Noa has performed in a variety of locations around the world, including Carnegie Hall and Avery Fisher Hall in New York City, Olympia in Paris, Rome's Colosseum, The Barbican in London, Zellerbach Auditorium in Berkeley, California, the Ravinia Festival in Chicago, the Montreux Jazz Festival in Switzerland, the North Sea Jazz Festival in the Netherlands, the Stockholm Water Festival in Sweden, Palau de la Música Catalana in Barcelona and Teatro Real in Madrid.

Noa has recorded songs in English, Hebrew, Yemenite Hebrew, Spanish, Neapolitan, French, Italian, Sardinian, Galician, and Arabic. Noa and Gil Dor have had various ensembles since their early days as an acoustic duet. Noa and Dor's ensembles vary from album to album, ranging from collaborations with musicians such as: Zohar Fresco, Steve Rodby, Solis String Quartet, Hila Carni and symphonic orchestras around the world. Noa's music is influenced by the singer-songwriters of the 60s such as Paul Simon, Joni Mitchell, Leonard Cohen, and James Taylor. These musical and lyrical sensibilities, combined with Noa's Yemenite roots and Dor's background in jazz, classical rock, have created Noa and Dor's unique sound audible through hundreds of songs written and performed by the duo. Noa plays percussion, guitar and piano. 

In 1994, Noa performed Ave Maria with English lyrics she wrote for a live audience of 100,000 and a TV audience of millions at the closing event of the International Year of the Family at the Vatican, Rome, Italy, witnessed by Pope John Paul II.

Noa and Dor have performed on numerous occasions with the Israel Philharmonic Orchestra. They recorded an album during a live performance at Tel Aviv's Mann Auditorium in 1997. Over the years they have collaborated with symphonic orchestras from Lille, Messina, Parma, Murcia, and Florence. In September 2003, Noa performed an orchestral piece entitled L'isola della Luce (after the Greek island on which it was performed) which was written by Nicola Piovani especially for her. The work was commissioned by the Cultural Olympics Committee in Athens. In May 2004, the duo performed with the Israeli rhythm and dance troupe Mayumana between the two final games of the Euroleague basketball championship.

Eurovision Song Contest

Together with Arab-Israeli singer Mira Awad, Noa represented Israel at the Eurovision Song Contest 2009. Their song "There Must Be Another Way" qualified for the first semi-final but eventually finished in 16th place.  About the song, Noa sais If we can truly empathize with each other's sorrow, if we can cry together, then we can also reach the next level of building and overcoming all our other differences.

Soundtracks
In 1998, Noa recorded the part of Esmeralda in French for the original soundtrack of the multi-Platinum selling "Notre Dame de Paris", but did not play the role in the musical.

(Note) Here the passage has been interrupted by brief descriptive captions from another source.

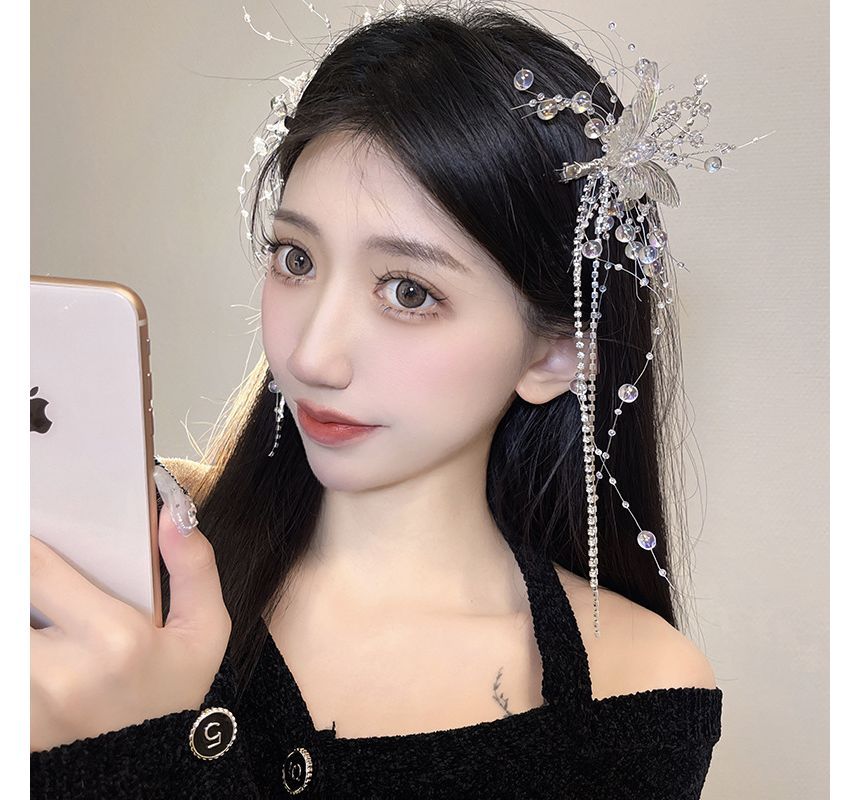 Fringed Pearl Hair Butterfly Faux Clip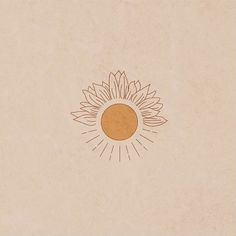 a drawing of a sunflower on a beige background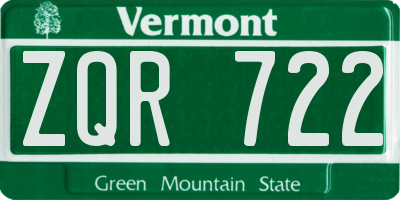 VT license plate ZQR722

Her song "Babel", written in English, French and Hebrew as theme song for the Gerard Pullicino movie of the same name, topped the charts in France the following year.

Noa collaborated with French composer Éric Serra on two songs: one for the film The Experience of Love from the James Bond film GoldenEye, and the song "My Heart Is Calling" from the Luc Besson film The Messenger.

In 2000, Noa recorded the theme song "La vita è bella" of the film "Life Is Beautiful", Roberto Benigni's Oscar award-winning film. Noa also wrote the lyrics to the song now titled "Beautiful That Way", together with Dor. The song was recorded and released with the album Blue Touches Blue, and also appears on the soundtrack to the film as well as on her album Noa Gold in two versions.

Duets and collaborations
Noa and Dor have collaborated with Khaled from Algeria, Nabil Salameh, of Palestinian origin, born in Lebanon, Handallah from Nablus, Rim Banna from Nazareth, Amal Murkus from Kfar Yasif, and Mira Awad from Kfar Raameh.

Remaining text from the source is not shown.